US New Home Sales Fall Sharply in March  
Sales of new single-family houses dropped 14.5 percent in March of 2014 to their lowest level in eight months. Sales were recorded at a seasonally adjusted annual rate of 384,000, below the revised February rate of 449,000.
US Markit Manufacturing PMI Steady in April  
At 55.4 in April, the Markit Flash U.S. Manufacturing PMI was down fractionally from 55.5 in March, but still well above the neutral 50.0 value. Sharper rates of output and new business growth boosted the Manufacturing PMI during April, while the main negative influence on the headline index was a rise in the suppliers’ delivery times component.
Bank of Thailand Leaves Interest Rate Unchanged  
At its April 23rd, 2014 meeting, the Monetary Policy Committee left the benchmark interest rate on hold at 2.0 percent. Policymakers expect 2014 growth to be lower than previous assessed due to prolonged political unrest.
South Africa Inflation Rate Back to 6%  
South African annual consumer prices accelerated for the fourth straight month in March of 2014 to a six-month high 6 percent. On a monthly basis, prices advanced 1.3 percent, the fastest pace in five years.
Singapore Inflation Rate Edges Up in March  
Annual consumer prices rose 1.2 percent in March of 2014, up from a 0.4 percent increase in February, mainly due to a smaller fall in car prices. Contributions from all other major categories, except accommodation, were also slightly higher.
Australia Inflation Rate Accelerates Further in Q1  
Australian annual consumer prices advanced 2.9 percent in the first three months of 2014, up from 2.7 percent in the previous quarter, but below market forecasts. The rise was driven by seasonal increases in cost of healthcare, transport and school fees, and by a large hike in tobacco duties.

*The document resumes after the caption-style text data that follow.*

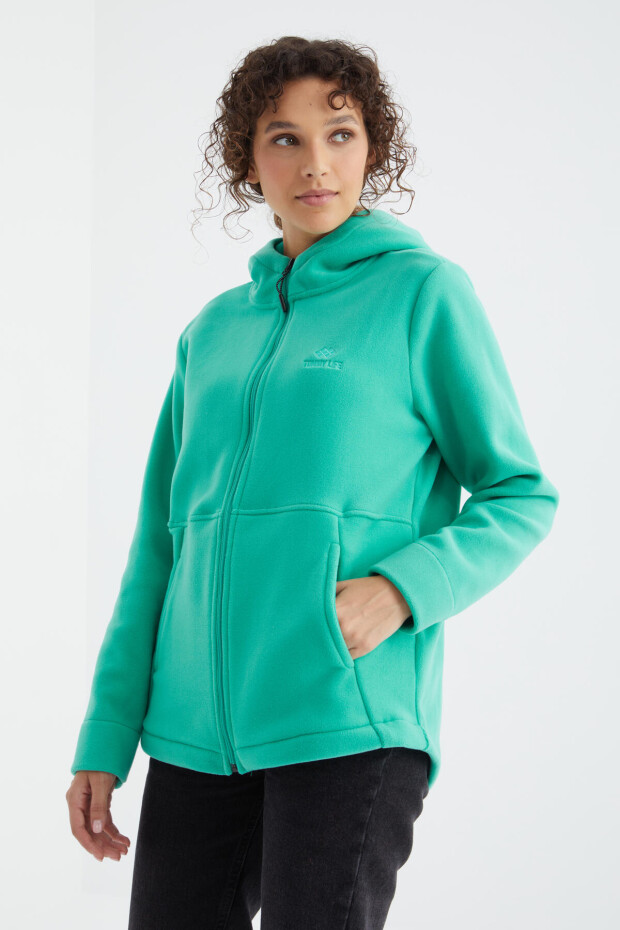 Deniz Yeşili Kapüşonlu Fermuarlı Rahat Form Kadın Polar Sweatshirt - 97233 - 1
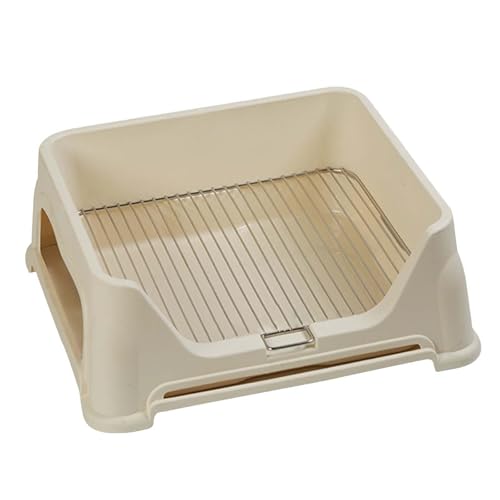 Hundetoilette mit Schutzwand, Abnehmbarer Halter für PIPI-Pad, Trainings-Hundetoilette für Kleintiere Bunny Outdoor, Beige von Fenteer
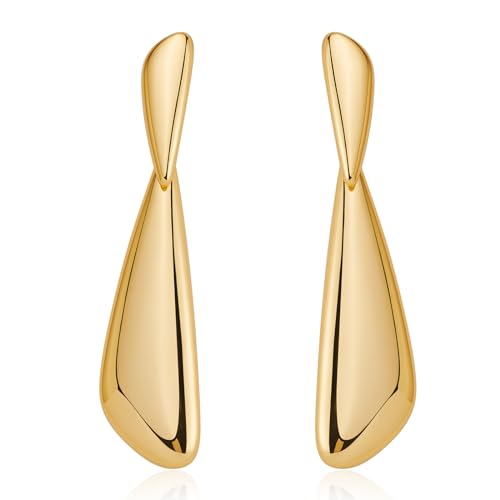 Gold Statement Dangle Earrings for Women Multiple Shapes Metal Drop Earrings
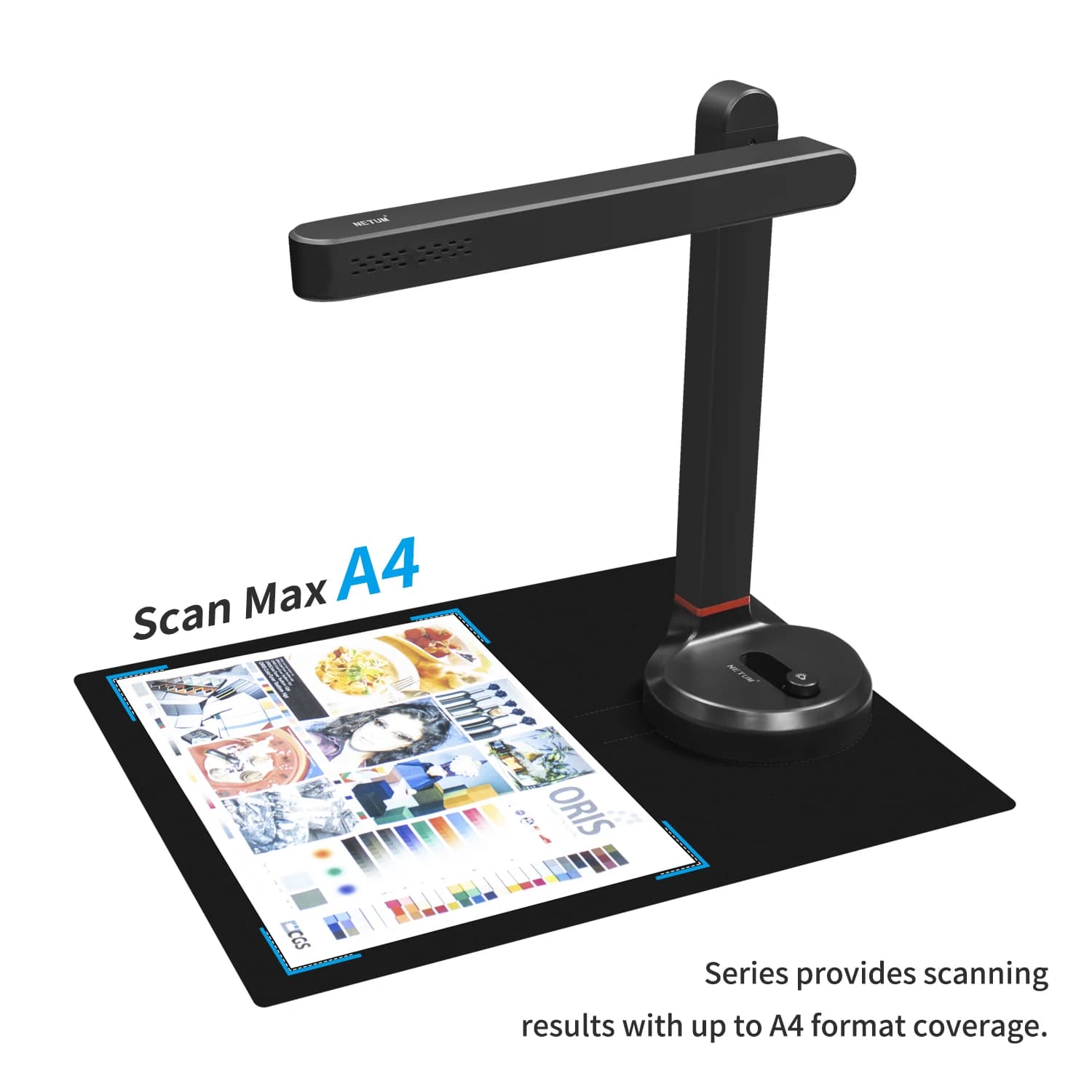 NETUM Book Scanner T101 Autofocus Document Scanner Max A4 format A3 with smart Led OCR table lamp for family home office
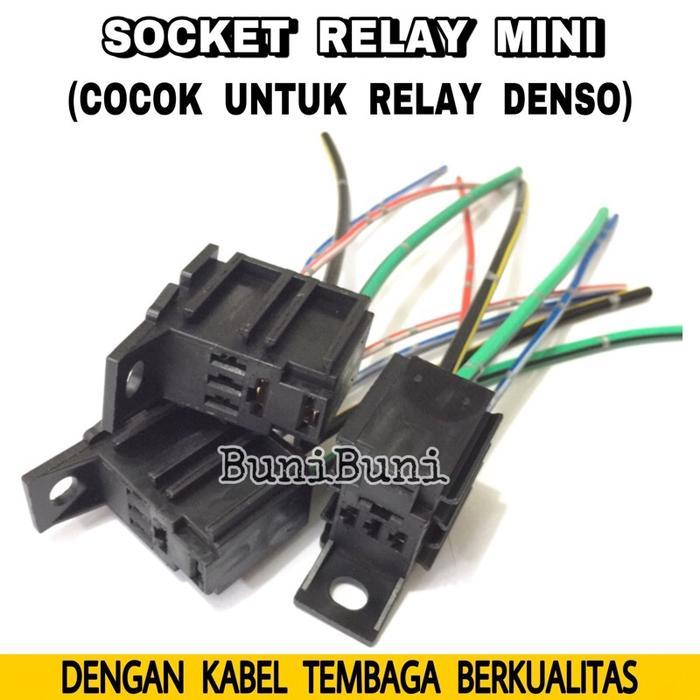 Relay DENSO BIRU Komplit Socket Relay Untuk AC Mobil 12V Universal / RELAY DENSO KAKI 4 - SOCKET  RE
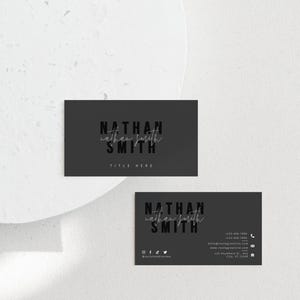 Modern Black Business Card Canva Template, INSTANT DOWNLOAD, Printable Business Card, Editable Business Card, DIY Business Branding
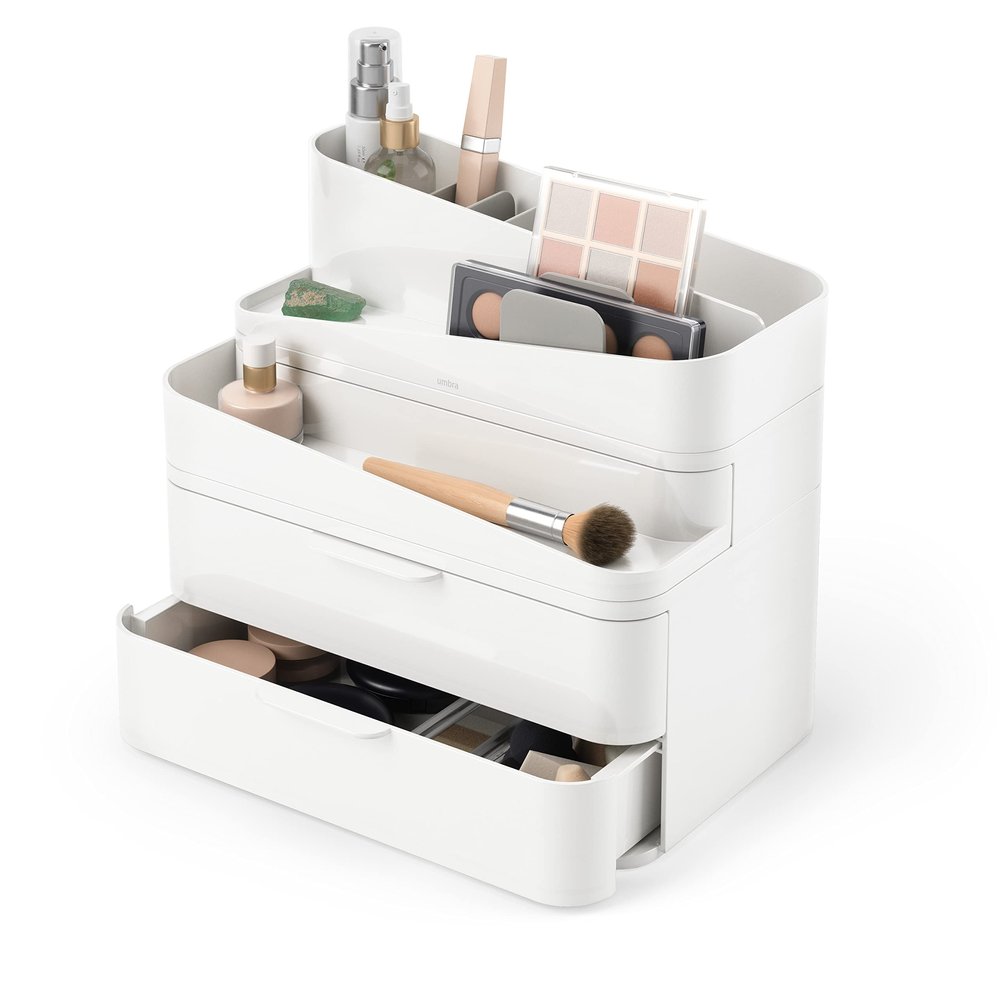 Umbra Glam Cosmetic Organizer, Versatile Storage Container With Removable Insert for Bathroom, Office and More, Large, White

Mexico Unemployment Rate Up to 4.8% in March  
Mexican unadjusted jobless rate rose to 4.8 percent in March of 2014, up from 4.65 percent in February and 4.51 percent a year earlier. Upon seasonal adjustment, the unemployment rate rose to its highest in more than one year to 5.25 percent.

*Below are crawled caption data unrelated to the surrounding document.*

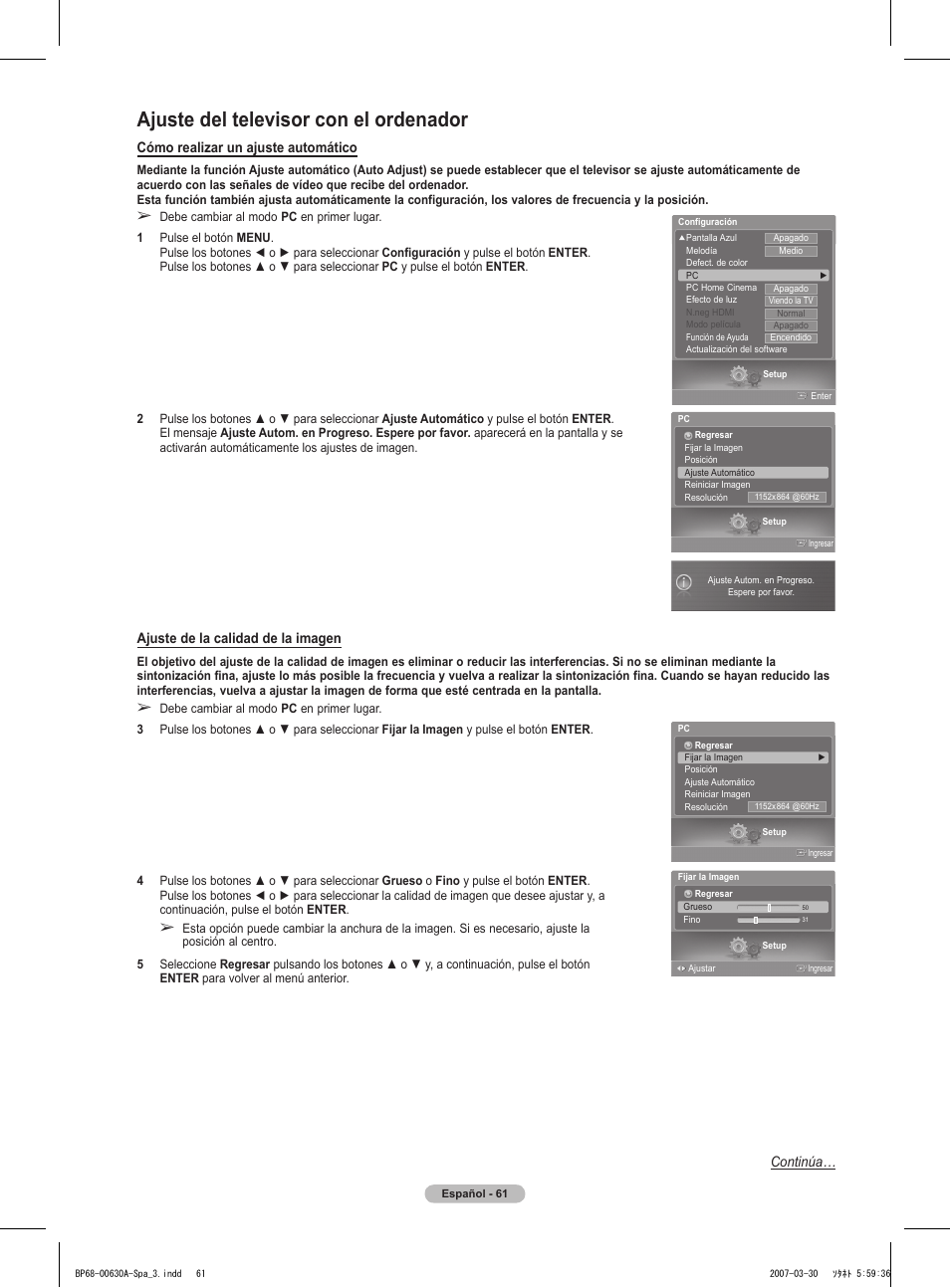 Ajuste del televisor con el ordenador, Cómo realizar un ajuste automático, Ajuste de la calidad de la imagen | Continúa | Samsung HLT5676SX-XAA User Manual | Page 144 / 160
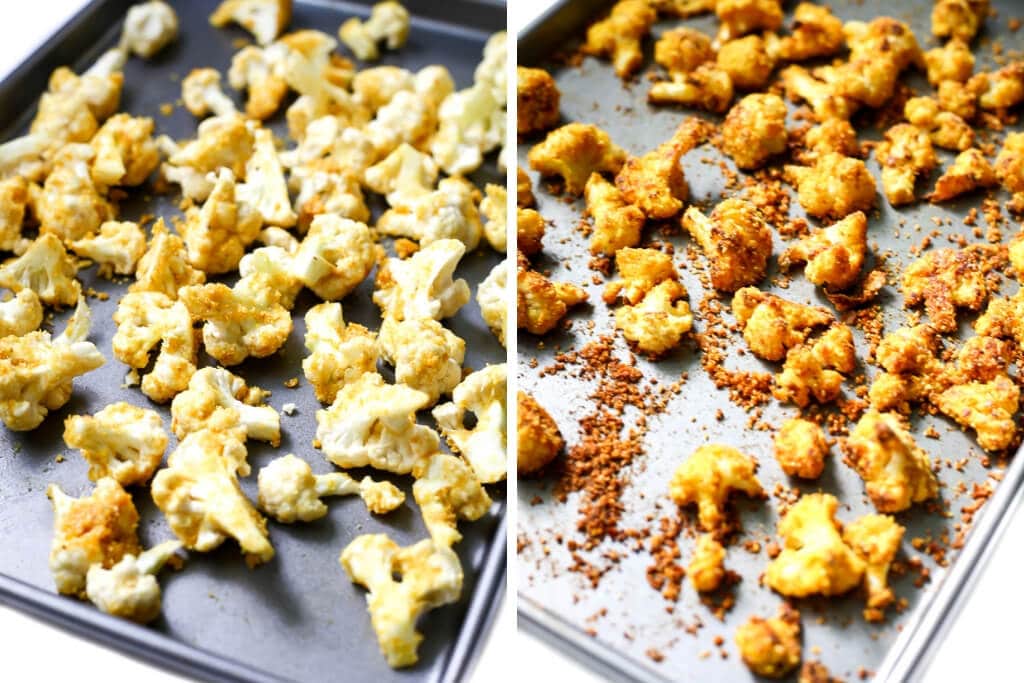 Two images of the roasted cauliflower before and after baking.
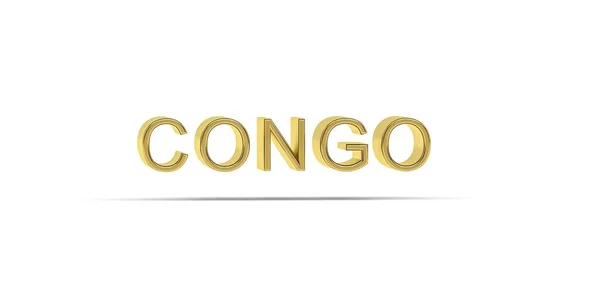 Golden Congo Inscriptie Geïsoleerd Witte Achtergrond Render — Stockfoto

Hong Kong Unemployment Rate Unchanged in March  
Hong Kong’ seasonally adjusted jobless rate remained steady at 3.1 percent for the third consecutive period in January to March of 2014, down from 3.5 percent a year earlier.

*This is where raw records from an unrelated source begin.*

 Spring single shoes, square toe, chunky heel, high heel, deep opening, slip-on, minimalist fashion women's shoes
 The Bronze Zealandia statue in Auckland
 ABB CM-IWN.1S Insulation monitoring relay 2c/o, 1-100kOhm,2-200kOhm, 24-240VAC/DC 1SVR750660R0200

Hong Kong Inflation Rate Unchanged in March  
Hong Kong annual consumer prices rose 3.9 percent in March of 2014, the same rate recorded in February. In the first quarter of 2014, the inflation rate rose by 4.2 percent over a year earlier. The corresponding increase after netting out the effects of all Government's one-off relief measures was 3.8 percent.
China Cuts Reserve Ratio for Rural Banks  
The People's Bank of China decided to cut the reserve requirement ratio by 2 percentage points for rural commercial banks and by 0.5 percentage point for rural credit cooperatives, aiming to stimulate growth in some parts of the country. The cut will be effective from April 25th, 2014.